Corriere della Sera, 24 dicembre 2015
La moneta dello Zimbabwe adesso è lo yuan
Non ci sono più soldi? Adottiamo la moneta cinese. Robert Mugabe, il presidente elefante del disastrato Zimbabwe, ha già più volte presieduto all’affondamento dell’economia nazionale. E sa come farvi fronte, visto che resiste al potere dal 1980. Negli anni Novanta dichiarò bancarotta. Negli anni Duemila stampò vagoni di moneta. E quando l’inflazione toccò il tasso del 500 miliardi per cento, lasciò che il dollaro Usa (e in seconda battuta il rand sudafricano) diventassero la valuta corrente con cui fare la spesa al mercato o pagare gli stipendi ai poliziotti. Adesso «the old man» è arrivato a un’altra svolta (molto simbolica), che qualcuno può leggere come il segno dell’avanzata del Celeste Impero nel continente nero. Da oggi a Harare si potranno usare le banconote della vicina(amica) Cina.
La notizia campeggia sulla prima pagina del quotidiano finanziario The Financial Times. Anche se sembra quasi uno scherzo, più che una prova della presenza sempre più marcata della Cina in Africa. Di certo rappresenta un omaggio, più che una possibilità concreta. Chi userebbe lo yuan in un Paese con un piccolo pil da 13 miliardi di dollari sempre più in caduta libera? Dove l’abituale forma di scambio è il baratto? Suonano ridicole le motivazioni offerte dal ministro delle Finanze Chinamasa, secondo cui la novità potrà «molto agevolare il turismo» dall’Oriente.
Il viaggio che più conta l’ha fatto il presidente cinese Xi Jinping, che il mese scorso ha effettuato una visita di Stato atterrando in una delle capitali paria dell’Africa (agli occhi degli occidentali). «Apprezziamo molto la flessibilità cinese», ha gongolato il novantunenne Mugabe (sottoposto a sanzioni internazionali) ricevendo il generoso ospite. E ieri al giornale governativo Sunday Mail il ministro che regge all’Elefante i cordoni della borsa ha annunciato che Pechino graziosamente ha cancellato la fetta di 40 milioni di debito che avrebbe dovuto riscuotere alla fine del 2015.
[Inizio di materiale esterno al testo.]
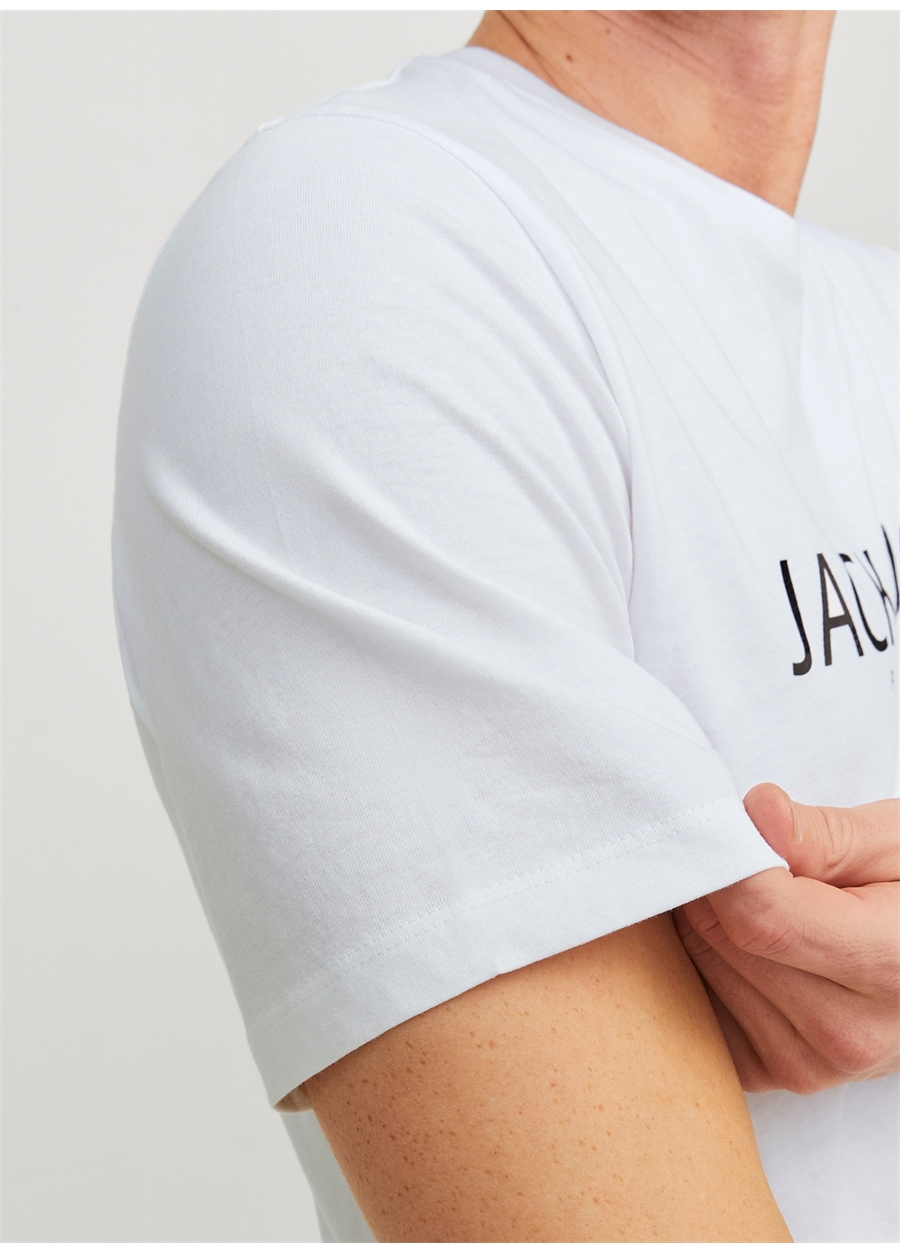 Jack & Jones Yuvarlak Yaka Beyaz Erkek T-Shirt JPRBLAJACK SS TEE CREW NECK FST LN_3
Lo Zimbabwe cade a pezzi. Difficile immaginarlo come ambita nuova colonia del gigante cinese, pur comprata a prezzi stracciati. Anche se, all’inizio di dicembre, Xi Jinping ha promesso per l’intero continente 60 miliardi di dollari in finanziamenti allo sviluppo, parlando al «Forum on China-Africa Cooperation» di Johannesburg che ha richiamato intorno a lui ben 40 capi di Stato (altro che il tour di Obama). Intanto però più dell’85% delle transazioni nel Paese di Mugabe avviene ancora con i dollari del «nemico americano» (contro cui l’Elefante tuona spesso). Il resto è rand, la (debole) valuta del confinante Sudafrica dove lavorano 3 milioni di emigrati dallo Zimbabwe. Mentre la crisi è tornata a mordere duro. Quest’anno la siccità ha dimezzato i raccolti di mais (1,5 milioni di persone senza cibo). In netto calo il business del tabacco (prima esportazione). Semafori spenti per i blackout, nelle strade buche grandi come laghi. In un Paese di 14 milioni di abitanti, solo 700 mila hanno un lavoro «formale».
Che importa, adesso nello Zim arriva lo yuan. Mentre un Paese in ginocchio conta i giorni che restano all’Elefante. Yuan sì, Confucio no (Mugabe a ottobre ha rifiutato il discusso «Premio Confucio» per la pace dopo aver saputo che non veniva dal governo di Pechino). Il 2016 è visto come l’anno del cambio al vertice dopo 35 anni. Il vice attuale, il truce Mnangagwa detto il Coccodrillo, pare in pole position per una (poco democratica) successione. Ma occhio alla first lady Grace, che tra l’altro più del Cocco è di casa a Hong Kong (dove hanno studiato i figli). E se il vecchio Bob cercasse di ingraziarsi i cinesi per dare un puntello alla moglie?